5 Easy-To-Climb Summits In The Alps Perfect For Beginners

Gran Paradiso (4,061 m / 13,323 ft)

Located in between the Aosta and Piedmont Valleys, Gran Paradiso is a classic alpine ascent. It is the tallest mountain solely located within Italy and boasts incredible views of the surrounding national park.

The climb begins with a hiking approach from Pont, which passes through boulder-strewn fields en route to one of two mountain huts.

The following day requires an early start as Gran Paradiso has one of the longest summit day ascents in the Alps. However, due to its lack of technical climbing requirements, the going is pretty quick.

The climb requires traversing the mountain’s glacier with crampons and an ice axe, before making a 60-meter scramble to the summit. All the necessary skills can be taught to climbers on the first day of the ascent.

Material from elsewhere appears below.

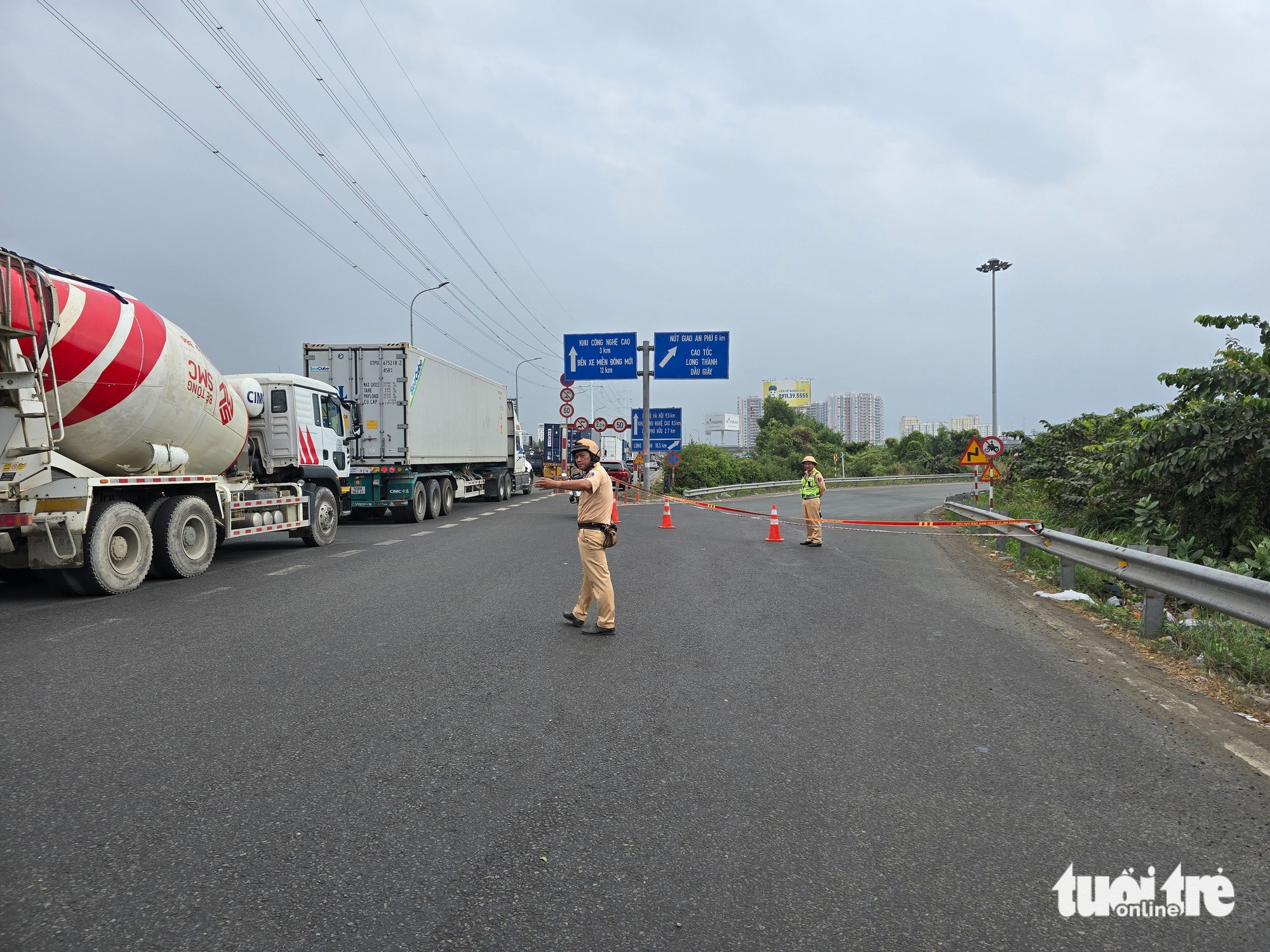 kẹt xe - Ảnh 10.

Best starting point: Pont, Italy

Duration of the ascent: 2 days

Breithorn (4,164 m / 13,661 ft)

Sitting on the border between Switzerland and Italy, Breithorn is one of the easiest 4,000-meter climbs in Switzerland. By some estimates, the mountain is the most frequently climbed one in the whole country.

Part of the reason for this is the ease of access. The Breithorn climb begins by taking a lift up to either the Plateau Rosa (Cervinia) or Breithorn Plateau (Zermatt). Both plateaus are quite high up the mountain, requiring only a few hours of climbing afterward to reach the top.

This climbing mostly consists of using crampons and an ice axe to traverse the glacier, with only a few tricky parts along some cornices toward the end.

From the top, expect spectacular views out over the neighboring Matterhorn and Monte Rosa massif, with views into the Rhone Valley too.

Best starting point: Zermatt, Switzerland or Cervinia, Italy

Duration of the ascent: 1 day

Aiguille du Tour (3,540 m / 11,610 ft)

Another easy mountain climb in the Alps is situated at the northern end of the Mont Blanc massif. Aiguille du Tour offers novice mountaineers a great opportunity to get some high-quality alpine experience.

There are two main routes to the summit, one from the French side and one from the Swiss side. Both routes are fairly straight forward, beginning with an ascent up toward the mountain’s glacier on a chairlift.

Once off the chairlift, only basic cramponing and ice axe techniques are needed to cross the glacier before a brief scramble is employed to get to the top of the rocky spire.

From the top are some of the best views available of Mont Blanc as well as out into the rest of the Swiss and French Alps.